Currently, 70 percent of the world’s airspace is without real-time surveillance because of rough terrain, deserts or vast oceans. The technology on the new satellites makes airplanes trackable over the entire Earth, including those black zones.
No one can currently pinpoint a plane in those areas — even on a flight over the Atlantic from the United States to Europe — except the pilot and the passengers. “You look at the screen on the back of the seat and you see the map and you recognize where you are. But air traffic control [only] knows roughly where you are,” said Don Thoma, CEO of Aireon, the company that developed the system inside the payload.
The new technology would eliminate incidents like the aftermath of Malaysia Airlines Flight MH370. The plane disappeared over the ocean nearly three years ago while flying from Kuala Lumpur, Malaysia, to Beijing, China.

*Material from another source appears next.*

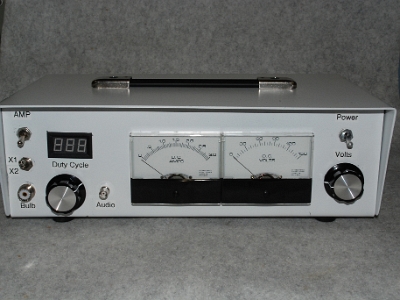 250 Watt Phanotron System with SSQ-2F + PA1.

The body of the plane and the remains of the 239 people on board have not been found, despite an extensive underwater search of the Indian Ocean. Only a piece of debris was discovered off Reunion Island.
Prior to that in 2009, Air France 447 crashed into the Atlantic Ocean while flying from Rio de Janeiro to Paris. The flight recorders were not recovered until two years later.
The more recent mystery surrounding MH370 prompted the industry to re-examine airplane tracking standards. National and international aviation agencies have implemented rules and recommendations to make real-time tracking possible.
Currently, U.S. pilots report their positions every 15 minutes. Internationally, pilots will be required to do that by the end of next year. A new rule, eased in by 2021 by the United Nations’ International Civil Aviation Organization (ICAO), makes it mandatory for planes under distress to transmit a location report every minute.